- [INSTRUCTIONS FOR THE TASK]: From the entries below, return only the lines starting at the one that contains "Apartamento Con Hermosa Vista Al Mar" and ending at the one that contains "ASUS GeForce RTX", exactly as they stand.

Brief descriptive captions

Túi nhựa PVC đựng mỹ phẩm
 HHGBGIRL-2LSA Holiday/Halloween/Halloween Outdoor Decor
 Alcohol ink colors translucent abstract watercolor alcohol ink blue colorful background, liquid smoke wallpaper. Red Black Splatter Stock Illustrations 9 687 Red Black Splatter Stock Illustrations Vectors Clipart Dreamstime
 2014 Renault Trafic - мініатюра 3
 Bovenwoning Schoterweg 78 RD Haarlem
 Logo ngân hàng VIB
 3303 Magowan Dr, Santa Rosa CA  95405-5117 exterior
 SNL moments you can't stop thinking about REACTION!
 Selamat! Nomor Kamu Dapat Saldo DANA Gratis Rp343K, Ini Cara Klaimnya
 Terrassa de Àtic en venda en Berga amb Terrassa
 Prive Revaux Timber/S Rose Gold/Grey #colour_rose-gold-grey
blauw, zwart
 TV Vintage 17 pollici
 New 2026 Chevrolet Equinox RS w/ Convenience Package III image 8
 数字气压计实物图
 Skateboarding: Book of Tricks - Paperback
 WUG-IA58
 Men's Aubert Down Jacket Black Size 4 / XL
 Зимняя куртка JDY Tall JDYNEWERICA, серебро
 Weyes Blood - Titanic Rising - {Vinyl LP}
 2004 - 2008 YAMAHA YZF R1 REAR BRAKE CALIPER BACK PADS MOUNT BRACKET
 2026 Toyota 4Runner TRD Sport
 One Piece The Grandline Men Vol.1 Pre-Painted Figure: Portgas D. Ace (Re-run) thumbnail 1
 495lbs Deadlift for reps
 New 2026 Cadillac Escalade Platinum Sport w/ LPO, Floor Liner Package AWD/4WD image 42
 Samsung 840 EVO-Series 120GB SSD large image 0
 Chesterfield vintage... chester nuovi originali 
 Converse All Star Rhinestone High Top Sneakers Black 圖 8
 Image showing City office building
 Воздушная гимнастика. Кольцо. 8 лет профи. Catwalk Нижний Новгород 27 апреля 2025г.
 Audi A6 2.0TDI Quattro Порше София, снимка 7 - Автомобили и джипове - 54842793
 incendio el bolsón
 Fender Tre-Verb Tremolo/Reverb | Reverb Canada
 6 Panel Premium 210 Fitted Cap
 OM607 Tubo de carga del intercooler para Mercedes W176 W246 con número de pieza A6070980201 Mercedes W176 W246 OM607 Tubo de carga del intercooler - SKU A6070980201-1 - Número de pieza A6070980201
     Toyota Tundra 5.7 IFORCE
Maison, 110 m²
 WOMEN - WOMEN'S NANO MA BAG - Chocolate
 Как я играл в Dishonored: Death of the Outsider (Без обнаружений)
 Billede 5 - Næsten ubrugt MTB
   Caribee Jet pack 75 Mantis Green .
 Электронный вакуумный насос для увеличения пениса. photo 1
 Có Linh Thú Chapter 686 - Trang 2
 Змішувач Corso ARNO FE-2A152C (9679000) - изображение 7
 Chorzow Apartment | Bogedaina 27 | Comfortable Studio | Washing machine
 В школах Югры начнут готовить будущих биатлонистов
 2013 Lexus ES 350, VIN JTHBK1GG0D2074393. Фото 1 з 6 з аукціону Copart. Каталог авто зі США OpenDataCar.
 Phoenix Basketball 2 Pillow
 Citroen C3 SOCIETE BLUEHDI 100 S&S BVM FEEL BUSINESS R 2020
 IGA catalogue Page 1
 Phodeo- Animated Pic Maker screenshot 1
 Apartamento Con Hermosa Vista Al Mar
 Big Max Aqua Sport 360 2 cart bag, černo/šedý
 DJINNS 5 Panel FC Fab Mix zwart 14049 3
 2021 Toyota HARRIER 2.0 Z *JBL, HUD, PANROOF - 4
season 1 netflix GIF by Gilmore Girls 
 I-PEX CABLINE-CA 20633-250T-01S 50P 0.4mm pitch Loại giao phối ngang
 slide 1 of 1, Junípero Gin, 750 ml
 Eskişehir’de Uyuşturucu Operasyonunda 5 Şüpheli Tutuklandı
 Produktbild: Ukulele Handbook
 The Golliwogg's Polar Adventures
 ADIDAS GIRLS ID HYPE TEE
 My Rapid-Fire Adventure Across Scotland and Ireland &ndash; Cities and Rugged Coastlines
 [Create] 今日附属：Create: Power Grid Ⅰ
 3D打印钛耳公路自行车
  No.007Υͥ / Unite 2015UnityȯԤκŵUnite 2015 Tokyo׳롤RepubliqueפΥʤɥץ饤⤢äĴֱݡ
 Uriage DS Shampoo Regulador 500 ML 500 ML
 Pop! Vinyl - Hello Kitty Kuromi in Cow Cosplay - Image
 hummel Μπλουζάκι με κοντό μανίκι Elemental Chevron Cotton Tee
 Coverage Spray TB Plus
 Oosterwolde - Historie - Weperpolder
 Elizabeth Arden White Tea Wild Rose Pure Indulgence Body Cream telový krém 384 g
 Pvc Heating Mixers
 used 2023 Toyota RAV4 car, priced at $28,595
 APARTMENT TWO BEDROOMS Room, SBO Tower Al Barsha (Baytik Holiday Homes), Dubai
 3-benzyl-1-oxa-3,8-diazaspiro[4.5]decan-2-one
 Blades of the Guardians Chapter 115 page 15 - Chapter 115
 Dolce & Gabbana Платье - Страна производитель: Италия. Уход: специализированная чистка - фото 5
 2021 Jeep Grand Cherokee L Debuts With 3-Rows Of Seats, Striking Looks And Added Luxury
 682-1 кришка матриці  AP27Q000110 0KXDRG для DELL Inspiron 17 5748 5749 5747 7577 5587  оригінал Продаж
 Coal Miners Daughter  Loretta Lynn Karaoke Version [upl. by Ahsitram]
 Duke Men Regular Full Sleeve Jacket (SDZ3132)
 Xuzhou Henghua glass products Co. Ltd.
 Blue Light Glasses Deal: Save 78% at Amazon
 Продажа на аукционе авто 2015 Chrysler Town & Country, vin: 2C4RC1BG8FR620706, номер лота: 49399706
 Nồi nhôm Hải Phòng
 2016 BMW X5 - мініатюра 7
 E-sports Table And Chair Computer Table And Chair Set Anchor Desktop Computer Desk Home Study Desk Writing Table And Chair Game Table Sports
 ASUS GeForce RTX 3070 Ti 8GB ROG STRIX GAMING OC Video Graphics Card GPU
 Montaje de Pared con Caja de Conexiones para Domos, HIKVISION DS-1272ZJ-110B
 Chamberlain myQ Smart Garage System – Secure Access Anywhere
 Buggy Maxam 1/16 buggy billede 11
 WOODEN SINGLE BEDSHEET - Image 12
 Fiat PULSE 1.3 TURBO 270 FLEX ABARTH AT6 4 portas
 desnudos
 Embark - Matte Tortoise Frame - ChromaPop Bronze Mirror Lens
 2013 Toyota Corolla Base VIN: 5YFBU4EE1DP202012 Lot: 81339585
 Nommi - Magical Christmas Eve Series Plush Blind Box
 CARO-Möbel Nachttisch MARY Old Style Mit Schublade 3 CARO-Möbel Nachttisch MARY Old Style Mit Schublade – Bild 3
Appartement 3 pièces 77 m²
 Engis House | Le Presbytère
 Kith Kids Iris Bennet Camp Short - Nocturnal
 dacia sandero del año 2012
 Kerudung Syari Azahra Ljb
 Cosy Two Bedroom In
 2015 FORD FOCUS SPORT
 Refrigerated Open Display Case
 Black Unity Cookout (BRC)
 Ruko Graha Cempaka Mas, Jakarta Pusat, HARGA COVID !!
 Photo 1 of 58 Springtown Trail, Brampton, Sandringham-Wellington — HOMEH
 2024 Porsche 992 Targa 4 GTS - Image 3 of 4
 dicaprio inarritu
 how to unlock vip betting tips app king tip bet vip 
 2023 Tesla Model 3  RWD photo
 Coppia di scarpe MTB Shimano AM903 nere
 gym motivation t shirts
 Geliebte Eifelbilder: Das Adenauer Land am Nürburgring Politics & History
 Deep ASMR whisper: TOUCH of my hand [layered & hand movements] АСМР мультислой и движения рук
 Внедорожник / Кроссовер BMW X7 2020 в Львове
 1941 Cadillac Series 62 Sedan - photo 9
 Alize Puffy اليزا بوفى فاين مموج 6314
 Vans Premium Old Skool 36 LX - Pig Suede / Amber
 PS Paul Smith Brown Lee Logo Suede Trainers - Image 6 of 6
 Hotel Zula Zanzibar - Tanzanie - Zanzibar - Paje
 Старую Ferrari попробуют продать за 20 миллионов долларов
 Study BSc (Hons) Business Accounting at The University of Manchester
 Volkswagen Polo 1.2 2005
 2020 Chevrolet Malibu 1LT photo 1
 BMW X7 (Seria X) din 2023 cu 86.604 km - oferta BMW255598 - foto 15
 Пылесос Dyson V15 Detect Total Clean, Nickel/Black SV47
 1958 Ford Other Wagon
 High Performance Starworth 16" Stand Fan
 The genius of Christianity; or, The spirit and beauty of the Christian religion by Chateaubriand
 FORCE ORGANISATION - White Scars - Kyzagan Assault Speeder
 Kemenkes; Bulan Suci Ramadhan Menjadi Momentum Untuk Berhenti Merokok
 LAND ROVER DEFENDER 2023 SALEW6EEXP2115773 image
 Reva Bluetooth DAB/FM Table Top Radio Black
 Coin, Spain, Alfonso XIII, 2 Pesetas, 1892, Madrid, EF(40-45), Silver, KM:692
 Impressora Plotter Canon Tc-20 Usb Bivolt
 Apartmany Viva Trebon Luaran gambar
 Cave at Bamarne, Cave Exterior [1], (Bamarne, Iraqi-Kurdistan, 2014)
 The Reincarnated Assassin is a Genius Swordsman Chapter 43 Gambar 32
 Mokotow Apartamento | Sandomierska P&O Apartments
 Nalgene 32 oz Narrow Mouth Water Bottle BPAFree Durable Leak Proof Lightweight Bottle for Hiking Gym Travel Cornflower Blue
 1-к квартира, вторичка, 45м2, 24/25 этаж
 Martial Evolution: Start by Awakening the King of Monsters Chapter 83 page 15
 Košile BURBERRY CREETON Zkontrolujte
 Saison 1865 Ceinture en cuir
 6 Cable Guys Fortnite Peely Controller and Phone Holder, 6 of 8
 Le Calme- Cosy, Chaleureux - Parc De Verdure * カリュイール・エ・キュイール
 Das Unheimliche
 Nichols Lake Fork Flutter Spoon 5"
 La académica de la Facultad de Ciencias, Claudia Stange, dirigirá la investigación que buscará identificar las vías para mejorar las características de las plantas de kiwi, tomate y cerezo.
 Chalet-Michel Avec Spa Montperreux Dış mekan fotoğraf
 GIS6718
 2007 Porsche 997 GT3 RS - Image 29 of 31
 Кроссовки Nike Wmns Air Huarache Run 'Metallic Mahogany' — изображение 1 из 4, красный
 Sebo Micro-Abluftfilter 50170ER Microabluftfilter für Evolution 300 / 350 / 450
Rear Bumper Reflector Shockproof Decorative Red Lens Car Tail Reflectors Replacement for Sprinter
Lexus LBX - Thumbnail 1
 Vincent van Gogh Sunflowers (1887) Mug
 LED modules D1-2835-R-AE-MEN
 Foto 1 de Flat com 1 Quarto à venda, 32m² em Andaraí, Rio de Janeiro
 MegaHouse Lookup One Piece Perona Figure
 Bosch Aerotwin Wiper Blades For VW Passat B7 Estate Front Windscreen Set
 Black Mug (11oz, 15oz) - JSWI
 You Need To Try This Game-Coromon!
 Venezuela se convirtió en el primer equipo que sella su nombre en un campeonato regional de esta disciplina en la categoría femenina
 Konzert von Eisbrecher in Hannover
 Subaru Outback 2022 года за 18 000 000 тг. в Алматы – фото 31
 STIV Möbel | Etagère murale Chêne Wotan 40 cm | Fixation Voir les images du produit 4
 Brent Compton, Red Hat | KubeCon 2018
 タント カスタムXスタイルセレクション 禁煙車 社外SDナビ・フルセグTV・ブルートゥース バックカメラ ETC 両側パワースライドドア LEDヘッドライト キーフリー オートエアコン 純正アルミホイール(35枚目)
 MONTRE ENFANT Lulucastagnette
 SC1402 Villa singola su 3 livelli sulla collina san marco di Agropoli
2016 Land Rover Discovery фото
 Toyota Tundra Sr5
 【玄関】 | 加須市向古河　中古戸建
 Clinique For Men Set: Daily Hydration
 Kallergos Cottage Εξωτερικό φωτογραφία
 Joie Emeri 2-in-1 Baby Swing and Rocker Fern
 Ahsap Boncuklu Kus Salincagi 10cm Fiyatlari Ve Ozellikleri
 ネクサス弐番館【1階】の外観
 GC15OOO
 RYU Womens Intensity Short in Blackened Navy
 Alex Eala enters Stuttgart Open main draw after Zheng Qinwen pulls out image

- [PROBLEM SOLUTION]:
 Apartamento Con Hermosa Vista Al Mar
 Big Max Aqua Sport 360 2 cart bag, černo/šedý
 DJINNS 5 Panel FC Fab Mix zwart 14049 3
 2021 Toyota HARRIER 2.0 Z *JBL, HUD, PANROOF - 4
season 1 netflix GIF by Gilmore Girls 
 I-PEX CABLINE-CA 20633-250T-01S 50P 0.4mm pitch Loại giao phối ngang
 slide 1 of 1, Junípero Gin, 750 ml
 Eskişehir’de Uyuşturucu Operasyonunda 5 Şüpheli Tutuklandı
 Produktbild: Ukulele Handbook
 The Golliwogg's Polar Adventures
 ADIDAS GIRLS ID HYPE TEE
 My Rapid-Fire Adventure Across Scotland and Ireland &ndash; Cities and Rugged Coastlines
 [Create] 今日附属：Create: Power Grid Ⅰ
 3D打印钛耳公路自行车
  No.007Υͥ / Unite 2015UnityȯԤκŵUnite 2015 Tokyo׳롤RepubliqueפΥʤɥץ饤⤢äĴֱݡ
 Uriage DS Shampoo Regulador 500 ML 500 ML
 Pop! Vinyl - Hello Kitty Kuromi in Cow Cosplay - Image
 hummel Μπλουζάκι με κοντό μανίκι Elemental Chevron Cotton Tee
 Coverage Spray TB Plus
 Oosterwolde - Historie - Weperpolder
 Elizabeth Arden White Tea Wild Rose Pure Indulgence Body Cream telový krém 384 g
 Pvc Heating Mixers
 used 2023 Toyota RAV4 car, priced at $28,595
 APARTMENT TWO BEDROOMS Room, SBO Tower Al Barsha (Baytik Holiday Homes), Dubai
 3-benzyl-1-oxa-3,8-diazaspiro[4.5]decan-2-one
 Blades of the Guardians Chapter 115 page 15 - Chapter 115
 Dolce & Gabbana Платье - Страна производитель: Италия. Уход: специализированная чистка - фото 5
 2021 Jeep Grand Cherokee L Debuts With 3-Rows Of Seats, Striking Looks And Added Luxury
 682-1 кришка матриці  AP27Q000110 0KXDRG для DELL Inspiron 17 5748 5749 5747 7577 5587  оригінал Продаж
 Coal Miners Daughter  Loretta Lynn Karaoke Version [upl. by Ahsitram]
 Duke Men Regular Full Sleeve Jacket (SDZ3132)
 Xuzhou Henghua glass products Co. Ltd.
 Blue Light Glasses Deal: Save 78% at Amazon
 Продажа на аукционе авто 2015 Chrysler Town & Country, vin: 2C4RC1BG8FR620706, номер лота: 49399706
 Nồi nhôm Hải Phòng
 2016 BMW X5 - мініатюра 7
 E-sports Table And Chair Computer Table And Chair Set Anchor Desktop Computer Desk Home Study Desk Writing Table And Chair Game Table Sports
 ASUS GeForce RTX 3070 Ti 8GB ROG STRIX GAMING OC Video Graphics Card GPU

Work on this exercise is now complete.